Targeted Efficient Fine-tuning: Optimizing Parameter Updates with Data-Driven Sample Selection
- URL: http://arxiv.org/abs/2403.08484v2
- Date: Mon, 18 Nov 2024 07:32:16 GMT
- Title: Targeted Efficient Fine-tuning: Optimizing Parameter Updates with Data-Driven Sample Selection
- Authors: Ming Dong, Kang Xue, Bolong Zheng, Tingting He,
- Abstract summary: Iterative Range Decreasing (IRD) algorithm is proposed to optimize the sample- parameter pair selection in FISH Mask.
We demonstrate the effectiveness and rationality of proposed strategy by conducting experiments on GLUE benchmark.
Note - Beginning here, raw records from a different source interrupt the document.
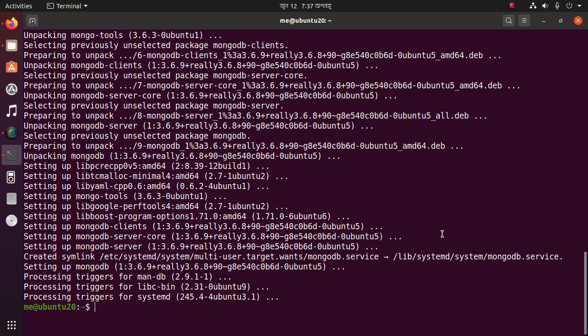MongoDB is now successfully installed on Ubuntu 20.04 LTS. Now let's start MongoDB using the following command: sudo...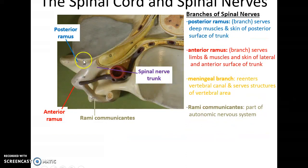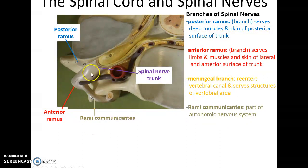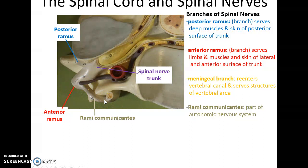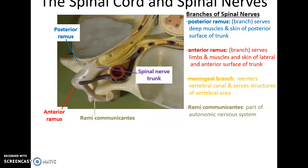There is the posterior ramus, which serves to innervate muscles and skin of the posterior surface of the trunk. There is the meningeal branch that re-enters the vertebral canal and innervates structures in that area. There is the rami communicantes, which is part of the autonomic nervous system specifically. And finally there is the anterior ramus, which is usually what we refer to when we talk about a spinal nerve — it serves to innervate the limbs and the muscles and skin of the lateral and anterior surface of the trunk.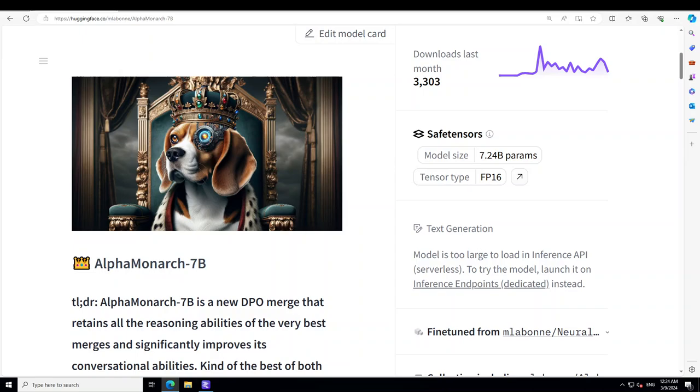This approach helps in fine-tuning LLMs to produce more desirable, user-aligned content by learning from examples of preferred choices. There is a lot of information available for this model on the Hugging Face and I will highly suggest that if you are interested in learning more, then I will drop the link of this model card in video's description.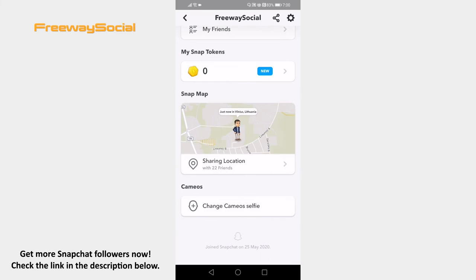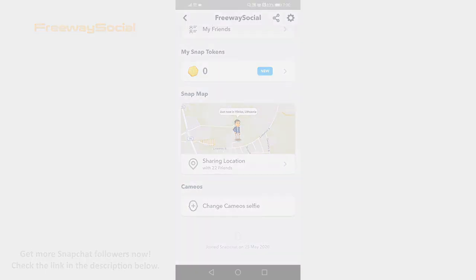As you can see, I currently have 22 friends. That's it for this video. I hope this guide was helpful and you are able to view Snapchat friends count. Don't forget to like this video and visit us at FreewaySocial.com.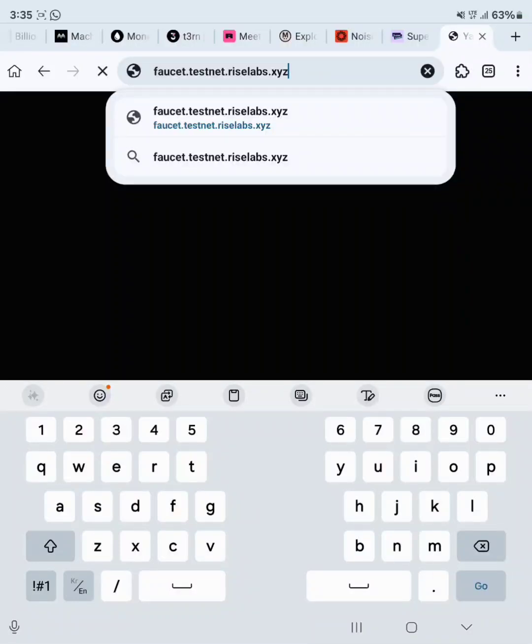Hello guys, welcome to today's video. I go by the name John Crypto Farm and in today's video we'll be talking about the RISE testnet. If you're watching this video and you need a guide on how you can actually join the RISE testnet and you want to use your mobile phone, then this is the best video for you to watch. Make sure you watch to the end.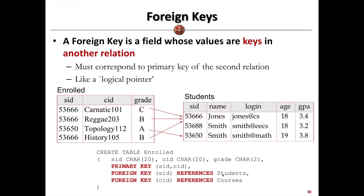In addition, here we need to introduce another very important reserved word in SQL. It's called foreign key. Foreign key is very important. Foreign key denotes a field or attribute whose values are the keys in some other relations.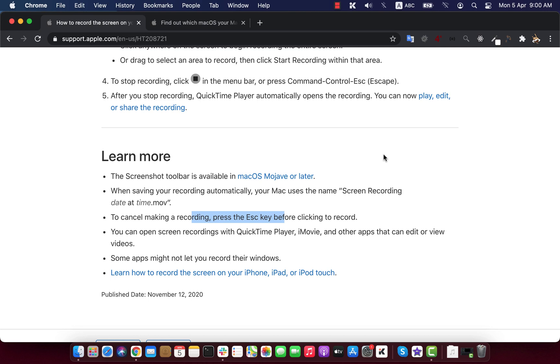In this video, I will show you how to record screens on macOS. Mac has built-in software to record the screen as long as you want.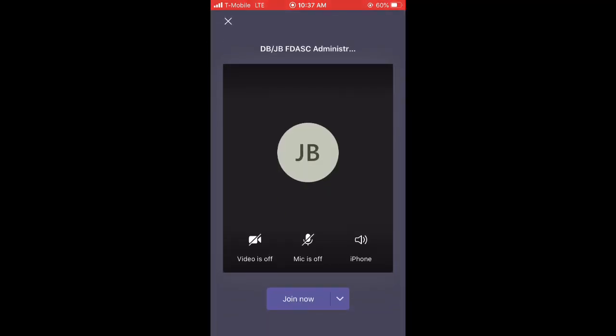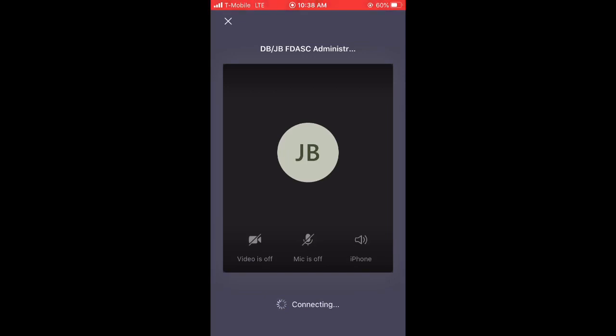Join the meeting that you have scheduled. Adjust your video and audio options to your liking. Click join when you are ready.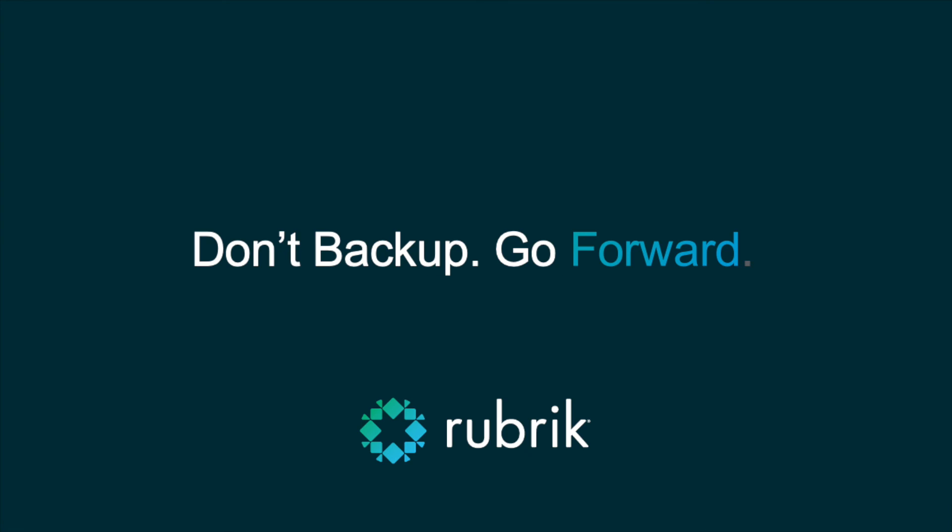Thanks for watching. Please visit rubrik.com to learn more. And cruise on over to build.rubrik.com for all of your automation needs. Happy automating.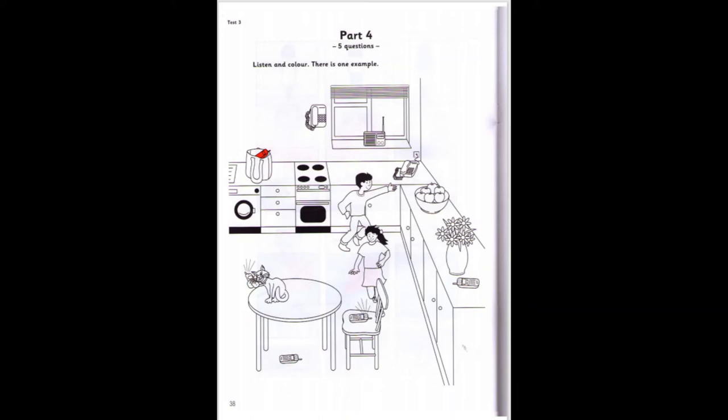Five. And now, look at the flowers. Yes. There's a phone next to them. That's right. The phone next to the flowers — colour it green. OK, it's green. Good.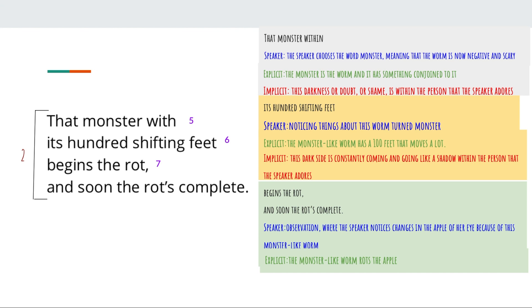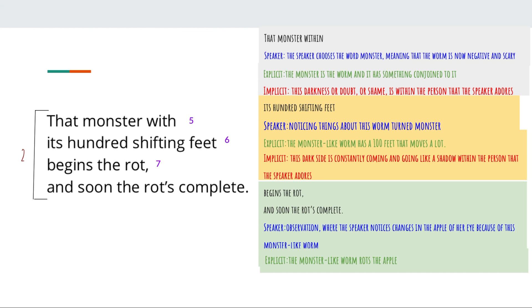We use our background knowledge about what people do when they're overwhelmed — the pacing, moving back and forth — and apply it to this text by making connections between the lines. That's how we do an inference for implicit meaning. 'Begins the rot and soon the rot's complete' — the worm or this darkness starts to slowly rot the person that the speaker loves. These are all metaphors: the apple is a metaphor for the person the speaker adores, and the monster-like worm is a metaphor for self-doubt. This self-doubt starts to slowly rot away at the person until the speaker doesn't even recognize them anymore. Think about what happens if an insect keeps feeding on an apple — eventually the apple disappears.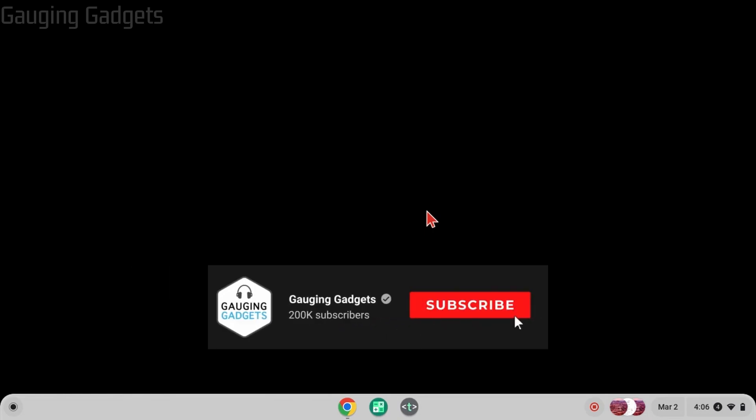How to delete apps on a Chromebook. Welcome to another Gauging Gadgets Chromebook tutorial video. In this video, I'm going to show you how to delete or uninstall apps on your Chromebook. If this video helps you, please consider giving it a like and also subscribing to my channel.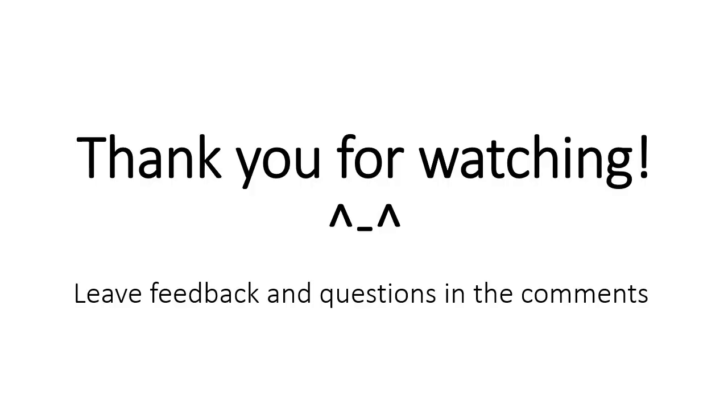Thank you for watching and I hope this helped you if you are struggling with this issue. If you have any questions or feedback please leave them in the comments below. Have a wonderful day.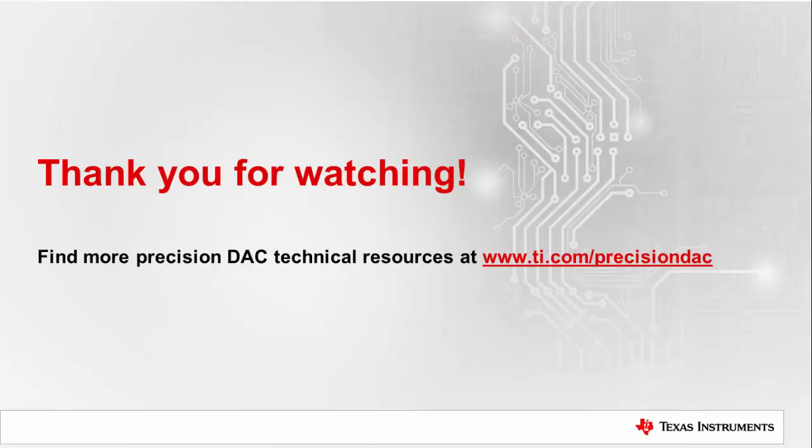Thank you for watching this video on negating MDAC overshoot when designing with precision DACs. Please watch our other videos on precision DACs or go to ti.com slash precision DAC to learn more.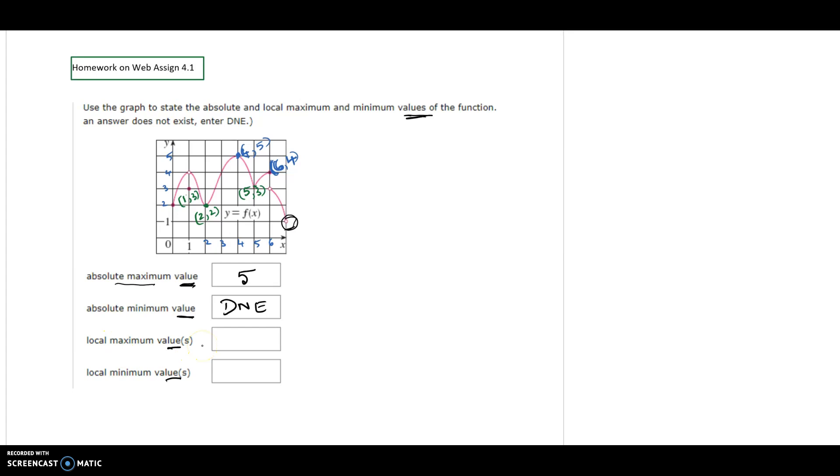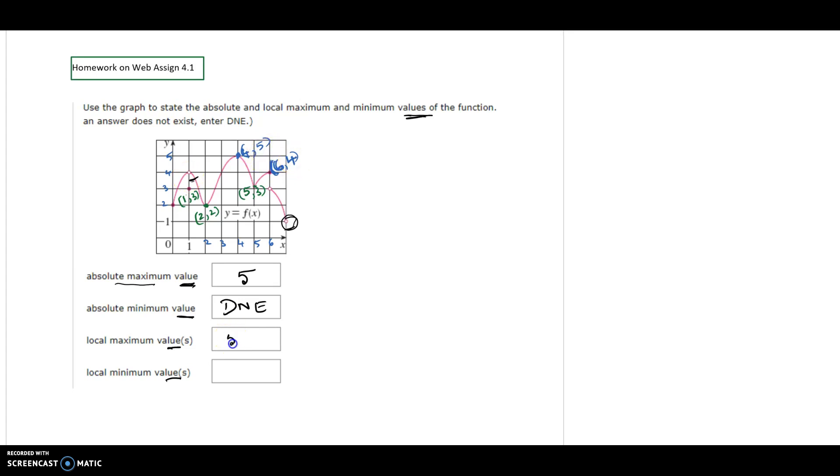For local maximum values, look at all the peaks locally. We notice there are two peaks: (4, 5) and (6, 4). One point cannot be considered a peak because it's not a solid dot. So 5 and 4 are local maximum values: 5, 4.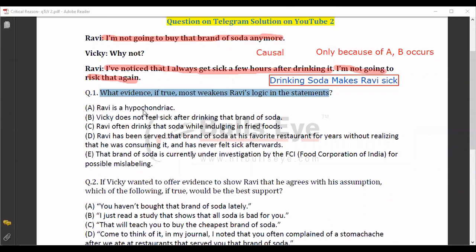Answer A says Ravi is a hypochondriac — this is not talking about whether drinking soda makes him sick or not, so it's eliminated. Answer B says Vicky does not fall sick after drinking that brand of soda — this may look like a weakening, but it's just saying Ravi is lying. We're talking about Ravi, not Vicky, so we don't keep this. Answer C says Ravi often drinks that soda while indulging in fried foods — again, this is out because we can't determine whether he's getting sick because of the soda or the fried foods.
- Score: 8.626228174152365
- License:
- Abstract: Fine-tuning all parameters of Large Language Models (LLMs) is computationally expensive. Parameter-Efficient Fine-Tuning (PEFT) methods address this by selectively fine-tuning specific parameters. Most of the parameter efficient fine-tuning (PEFT) methods center on selecting or introducing a set of parameters to be fine-tuned. However, there are few methods that consider the impact of data samples on parameter selecting. Representative data driven methods include FISH Mask based method, which randomly selects a portion of data samples as a basis when selecting parameters. However, this random data sample selection method cannot select optimal parameters for unstable data distribution. In this work, we introduce a data-centric approach and propose the Iterative Range Decreasing (IRD) algorithm to optimize the sample-parameter pair selection in FISH Mask. IRD iteratively refines the selection by identifying subsets of samples and parameters exhibiting higher Fisher information. We demonstrate the effectiveness and rationality of proposed strategy by conducting experiments on GLUE benchmark. Experimental results show our strategy optimizes the parameter selection and achieves preferable performance over some typical baseline methods.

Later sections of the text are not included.